One may disagree with much of what Mikhail Shishkin writes in this book; particularly with what seems to me to be contradictory. By giving numerous examples of how good literature has helped people survive in the most dramatic circumstances (the account of Anna Akhmatova and James Joyce is quite interesting in this sense) and how one can remain a decent person and do one's work honestly, even under a totalitarian regime ("He knew he was being used to demonstrate the human face of a slave empire, but he also knew that his music helped slaves to live," he writes about Dmitri Shostakovich), Shishkin arrives, in the Russian-language edition, at the following conclusion: "All my life, I felt solid ground under my feet, and it was Russian culture. Now, under my feet, there is emptiness." Well, how come –emptiness?
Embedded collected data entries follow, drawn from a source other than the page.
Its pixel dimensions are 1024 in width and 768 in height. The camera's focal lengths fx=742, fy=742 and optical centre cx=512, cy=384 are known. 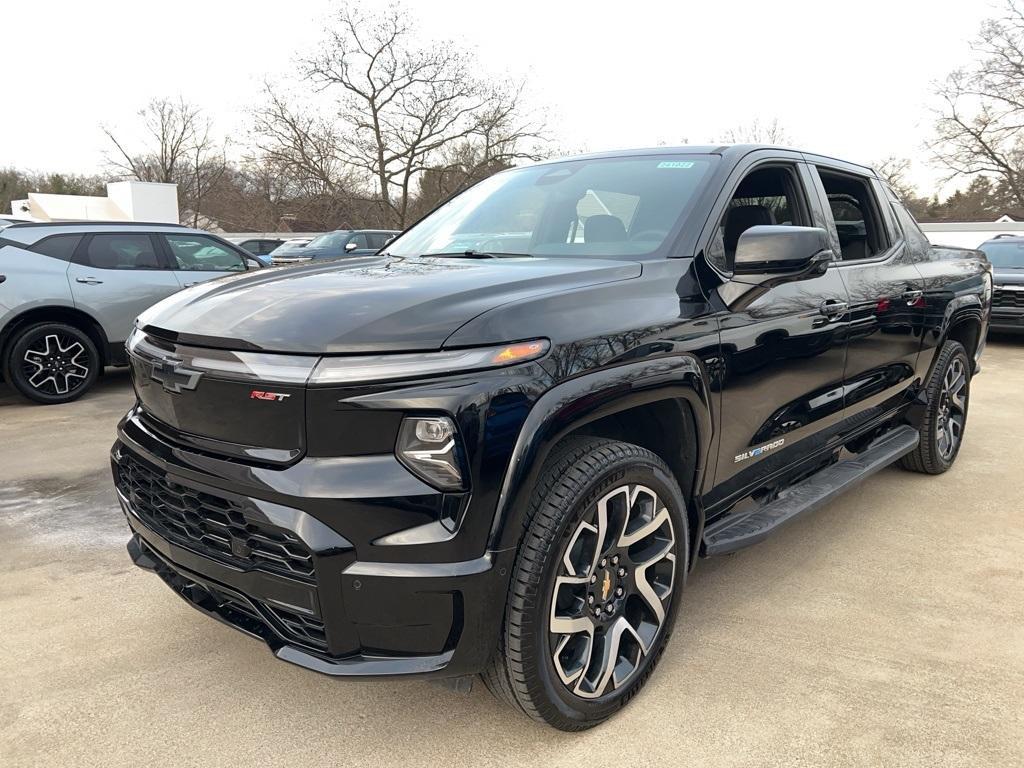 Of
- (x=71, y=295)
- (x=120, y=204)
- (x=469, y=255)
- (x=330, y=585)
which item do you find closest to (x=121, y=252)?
(x=71, y=295)

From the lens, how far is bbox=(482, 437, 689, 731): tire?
1.96 meters

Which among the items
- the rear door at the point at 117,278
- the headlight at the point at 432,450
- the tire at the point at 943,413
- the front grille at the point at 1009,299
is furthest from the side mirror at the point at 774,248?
the front grille at the point at 1009,299

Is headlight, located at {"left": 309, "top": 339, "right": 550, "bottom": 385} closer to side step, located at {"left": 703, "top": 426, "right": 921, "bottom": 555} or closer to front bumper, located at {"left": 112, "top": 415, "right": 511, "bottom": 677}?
front bumper, located at {"left": 112, "top": 415, "right": 511, "bottom": 677}

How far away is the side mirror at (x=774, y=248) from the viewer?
8.20 feet

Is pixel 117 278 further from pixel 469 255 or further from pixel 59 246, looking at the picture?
pixel 469 255

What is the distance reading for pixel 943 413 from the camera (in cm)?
462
All these authors whom Mikhail Shishkin speaks of with so much love, even when he criticizes them for certain positions that displease him; all these geniuses of Russian culture for whom he does not hide his admiration have not disappeared anywhere. One need only take their books from the shelf, listen to their music, to enter into dialogue – even into debate from which perhaps truth can be born.
In this collection, many take a beating: the Orthodox Church, the Russian people as a whole and "the progressive intelligentsia" in particular, Western Slavicists, thick literary journals, Switzerland where Mikhail Shishkin has lived for thirty years already... Many readers will certainly be shocked and consider these remarks as proof of gross ingratitude. Yet the author has the right to have his own opinion, and I will not contradict him.
At one point, Mikhail Shishkin writes that throughout its history, Russia has known only two states: order or the time of troubles. Let us apply this equation to a person whose "order" (peace of mind, of soul) has been replaced by spiritual turmoil caused as much by an understandable rejection of the injustices raging all around, as by awareness of the limitations of one's own means to overcome it. In Mikhail Shishkin's soul, as in that of many of my compatriots, this turmoil reigns today, this sensation of having lost one's footing, of treading water and self-destructing; and it is not for nothing that the last essay included in the French collection is titled "The Russian Ouroboros." However, in my opinion, worse than turmoil, more terrible than turmoil, there is only indifference; and the author certainly cannot be accused of this sin.
This is why, if the fate of Russian culture interests you, I recommend reading this work. To compare your own thoughts and feelings with those expressed by Mikhail Shishkin.
P.S. A few weeks ago, I had the opportunity to see, at the A. Griboyedov Russian Theatre in Tbilisi, a wonderful production of Anton Chekhov's "Uncle Vanya," directed by the very young Georgian director Nika Chikvaidze, born in 1992. The program quotes his words: "Does happiness exist? And if it exists, where is it located? People resemble passengers on a ship doomed to destruction, because they forget that happiness lies in small things, in self-love. The characters, prone to self-destruction, involuntarily destroy everything around them: forests, their fellow humans, themselves... They forget the profound meaning of human life: to do good. To be useful and indispensable to at least one person, in order to justify one's own existence." There too, the image of the ship. But one wants to believe that the course it has taken depends at least a little on the captain.